Frame éclata de rire.
— Ah, si vous pouviez voir la tête que vous faites ! Remettez-vous ! Atlanta, en plein mois d’août, c’est délicieux. Quarante degrés à l’ombre, et cent pour cent d’humidité dans l’air.
Et de rire. Tracy l’entendit encore longtemps après qu’il eut quitté la pièce. Elle se rassit par terre, regarda les cartons qu’il lui restait à vider. Elle s’était promis d’aller courir en sortant du bureau, mais il n’en était plus question.

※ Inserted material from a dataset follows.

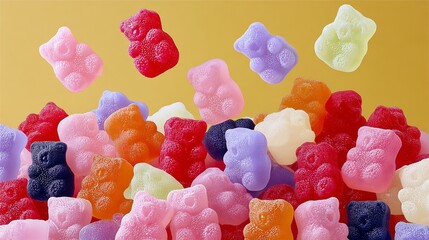 A colorful assortment of gummy bear candies in various flavors and colors, some gummy bears are airborne, creating a playful and vibrant scene
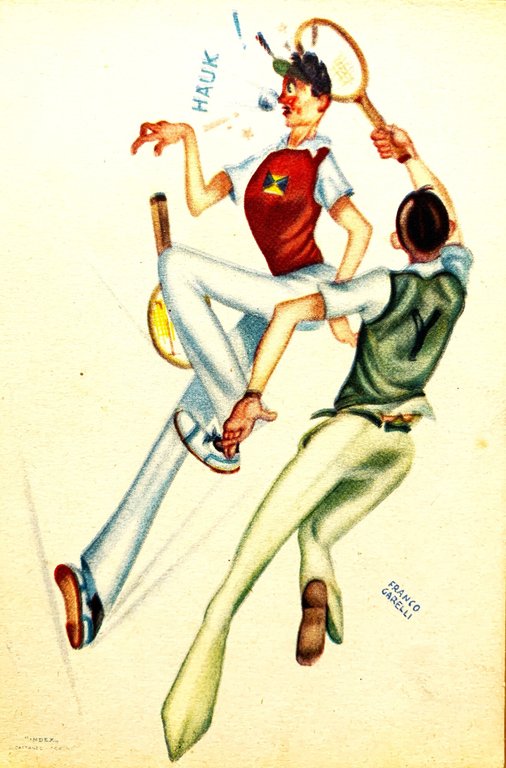 cartolina Tennis V Giuochi Universitari Torino 1933 dis.Franco Garelli | Immagine Gallery 2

Pour ce qui était de l’exercice, il semblait qu’elle soit appelée à se contenter désormais de la manipulation des recueils de lois.
— Merci de me recevoir aussi vite, dit Matthew Reynolds en pénétrant dans le bureau d’Abigaïl Griffen, trois mois après leur rencontre devant la Cour Suprême.
— Je n’avais pas vraiment le choix, répondit Abbie. (Elle montra du doigt les attendus du jugement intervenu dans l’affaire Franklin.) La cour vous a suivi dans votre argumentation. Quand vos experts peuvent-ils venir chez Mrs. Franklin ?
— J’ai téléphoné en Californie. Le criminologue avec lequel je travaille peut être ici mardi. Quant aux gens de Portland, il suffit de leur fixer un rendez-vous.
— Je vais donc prévenir Mrs. Franklin de votre venue mardi. Un policier vous attendra sur place pour vous remettre la clé.
— Je dois me rendre pour quelque temps à Atlanta, où je plaide une affaire. Barry Frame, mon enquêteur, accompagnera les experts en balistique.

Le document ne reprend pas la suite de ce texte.